Revenues at the Borgata Hotel Casino & Spa increased by nearly 7 percent in the third quarter of this year as Atlantic City's top casino continued to increase its grip on the market while preparing for the launch of online gambling.

Borgata (Spencer Platt, Getty Images)

The casino reported net revenues of more than $200 million, an increase of 6.9 percent. Its earnings before interest, taxes, depreciation and amortization were up nearly 40 percent to $46.6 million, largely due to better luck at table games.

"We are extremely pleased with our performance in Atlantic City," said Keith Smith, president and CEO of Boyd Gaming, which co-owns the Borgata with MGM Resorts International. "This reflects the appeal of Borgata's amenities. Over the last 10 years we have built Borgata into one of the gaming industry's strongest brands."

Smith said the Borgata -- which increased its share of the Atlantic City casino market by three percentage points, to 21 percent -- wants to lead the state's new online gambling industry. The casino received New Jersey's first Internet gambling permit, and is expected to be among the first in the state to offer online betting once it begins in late November.

He said the company is testing the geolocation and age verification technology built into its system to make sure gamblers are of legal age and physically located within New Jersey's borders, and plans to offer numerous ways for customers to open an account, including credit cards, checks and prepaid cards.

"We are going to launch a very, very strong product," Smith said. "We are going to be aggressive in terms of attacking the market to acquire players. We're ready to go."

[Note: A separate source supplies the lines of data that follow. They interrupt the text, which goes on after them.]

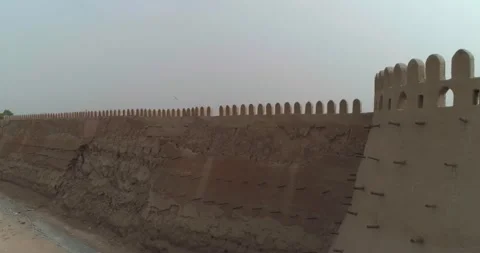A drone flies along the old wall of a fortress in Bukhara near the Talipach Gate Stock Footage 246783757
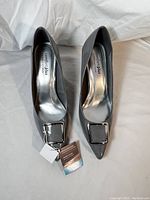 Pair of new gray patent women's pumps with square faux buckles, size 9, photographed from above showing tags and interior brand label.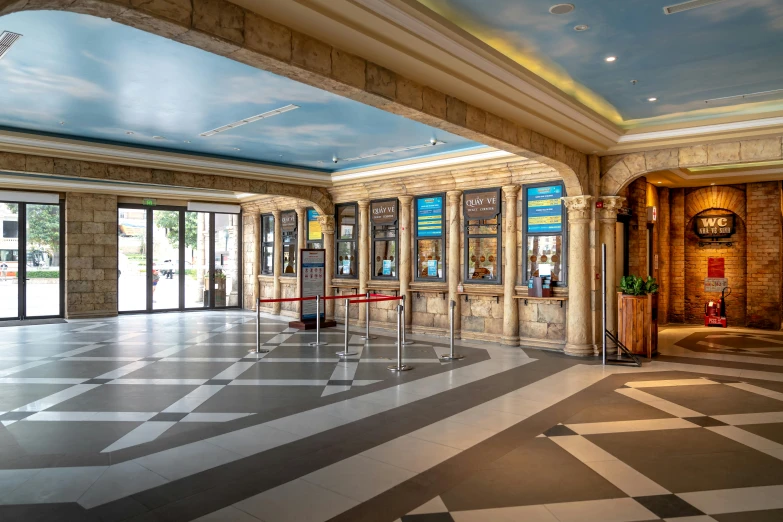 a room with large doors and checkered flooring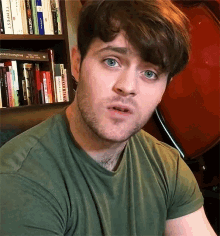 a man wearing a green shirt is standing in front of a bookshelf with a book titled the hobbit in it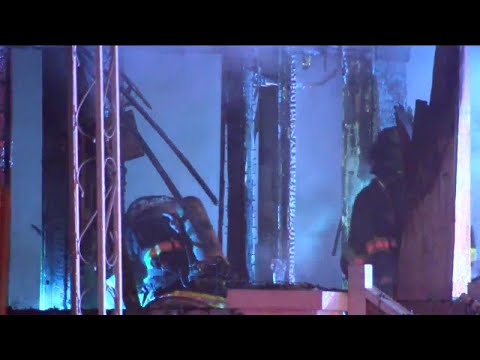 Four people rushed to hospital after Burnham St. house fire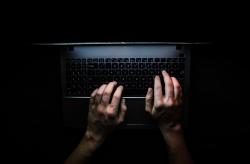 Hacker hacking the server in the dark web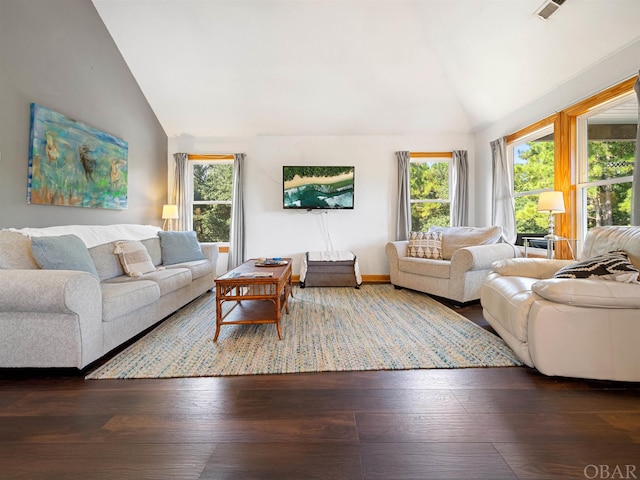 living room featuring dark wood-type flooring, visible vents, and high vaulted ceiling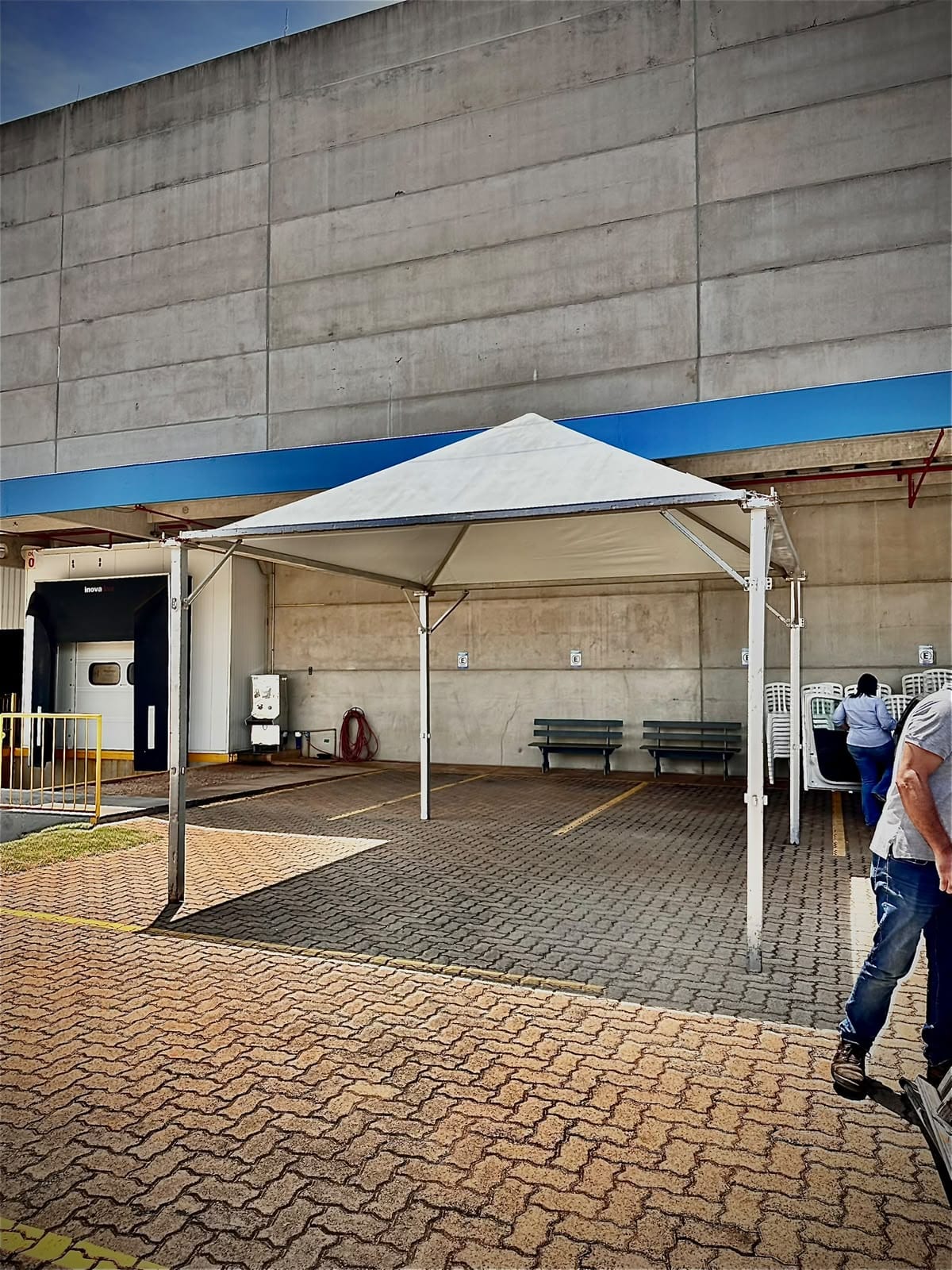 Tenda 5×5 branca montada sobre piso intertravado, ao lado de um galpão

He said the casino expects to operate multiple gambling websites, including a Borgata-themed site, one featuring online partner, and possibly others. He said New Jersey casino regulators will permit as many as five websites per casino.

Smith also said Boyd is interested in pursuing online gambling in other states as they approve it.

Paul Chakmak, Boyd's chief operating officer, noted a recent New Jersey tax court ruling that Borgata had been overpaying its property taxes. The court ruled the casino is due at least $48.5 million, plus interest that Chakmak estimated at another $10 million. The casino is also appealing its taxes for the years 2011-2013, and Chakmak said there could be further refunds from those years.

For the first nine months of this year, the Borgata reported net revenues of $538.6 million, and earnings of $102.8 million. Both figures were essentially the same as they were in the first nine months of last year.

The Borgata opened 10 years ago, and soon became Atlantic City's dominant casino. It routinely leads the city's other 11 casinos in terms of money won from gamblers.

Meanwhile, Borgata co-owner MGM -- which had to place its 50 percent share of Borgata into a trust when New Jersey regulators objected to its partnership with the daughter of an Asian gambling magnate accused of racketeering -- said Thursday it expects the state to allow it to return by the first quarter of next year.

"We've been able to come to an agreement with regulators to reapply," said Dan D'Arrigo, MGM's chief financial officer. "We're pretty confident, even though we can't speak for the regulators."